Itu adalah prestasi terakhir yang menjadi puncak perjalanan panjang Greysia sejak bergabung di tim nasional Indonesia pada 2003.
Selama 19 tahun, Greys sudah sering berganti pasangan. Heni Budiman, Jo Novita, Vita Marissa, Meiliana Jauhari, Nitya Krishinda Maheswari, hingga Apriyani adalah partnernya di ganda putri.
Tidak sampai di situ. Greys juga pernah menjajal nomor ganda campuran. Hasilnya bahkan tidak buruk. Bersama Muhammad Rijal, mereka menggondol medali perak Kejuaraan Dunia Junior 2004 di Kanada.
Bisa bertahan nyaris satu dekade dengan adaptasi yang terus dilakukan setiap berganti tandem jelas mensyaratkan ketangguhan fisik dan psikis.
Ketika banyak pemain gampang menyerah setelah status quo direnggut, Greys justru menunjukkan sebaliknya.
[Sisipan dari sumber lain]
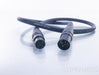 Cardas Golden Reference XLR Cables; 1m Pair Balanced Interconnects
Tidak ada kemapanan dalam kehidupan seorang atlet. Yang ada hanyalah adaptasi, adaptasi, dan adaptasi. Di dalamnya ada proses belajar tanpa henti. Termasuk kerelaan untuk selalu kembali ke titik nol.
Ditinggal sang kakak, Rickettsia Polii pada 2020 adalah pukulan terbesar dalam hidupnya. Kepergian sosok yang sudah menggantikan peran sang ayah sejak berusia 2 tahun sungguh mengguncang Greys.
Ia tidak patah arang. Ia justru semakin termotivasi untuk berprestasi. Kualitas yang ditunjukkan oleh seorang yang berjiwa besar.
Kedua, Greys tidak pernah tampil setengah hati. Melihat Greys bertanding, kita menjumpai totalitas di sana.
Dengan setiap pasangan, ia selalu berjuang sekuat tenaga. Ia berusaha membangun ikatan dan soliditas.
Hasilnya, mereka bisa meraih banyak gelar. Mulai dari level junior dengan mengawinkan medali perak nomor ganda campuran dan perunggu ganda putri bersama Heni Budiman pada 2004 silam.
Selanjutnya, juara Phillipines Open 2006 bersama Jo Novita, lantas Thailand Open, Taiwan Open, Korea Open, Singapore Open, hingga medali emas Asian Games 2014 bersama Nitya.